Data in this exercise:

----

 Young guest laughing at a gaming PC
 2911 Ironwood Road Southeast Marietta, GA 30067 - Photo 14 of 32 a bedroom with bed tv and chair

----

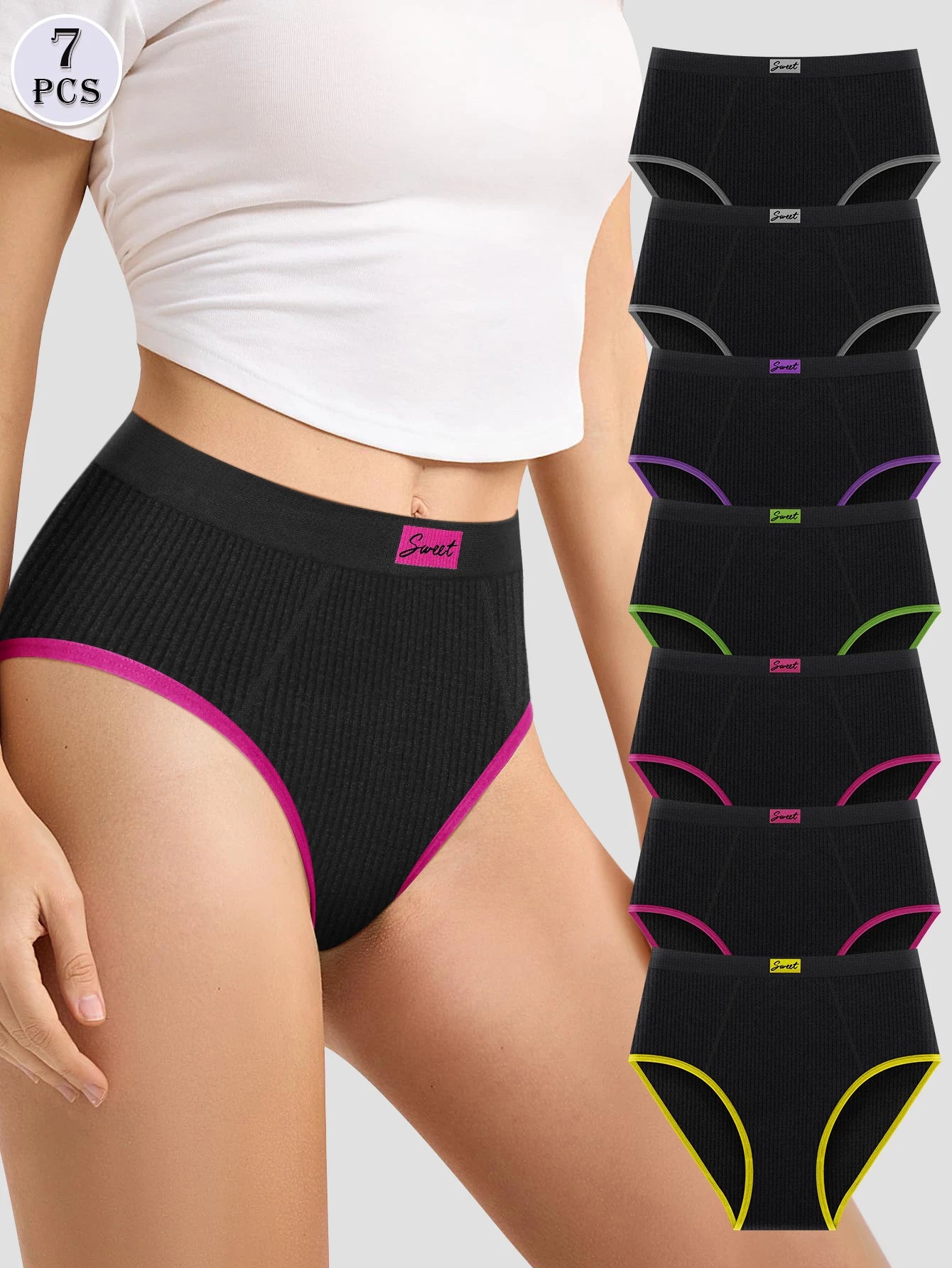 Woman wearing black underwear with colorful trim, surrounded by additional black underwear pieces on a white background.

----

Task item: Output, from the data above, the lines from the line with "Young guest laughing at a gaming PC" to the line with "2911 Ironwood Road" exactly as they stand, both ends included and nothing else.

Task response:
 Young guest laughing at a gaming PC
 2911 Ironwood Road Southeast Marietta, GA 30067 - Photo 14 of 32 a bedroom with bed tv and chair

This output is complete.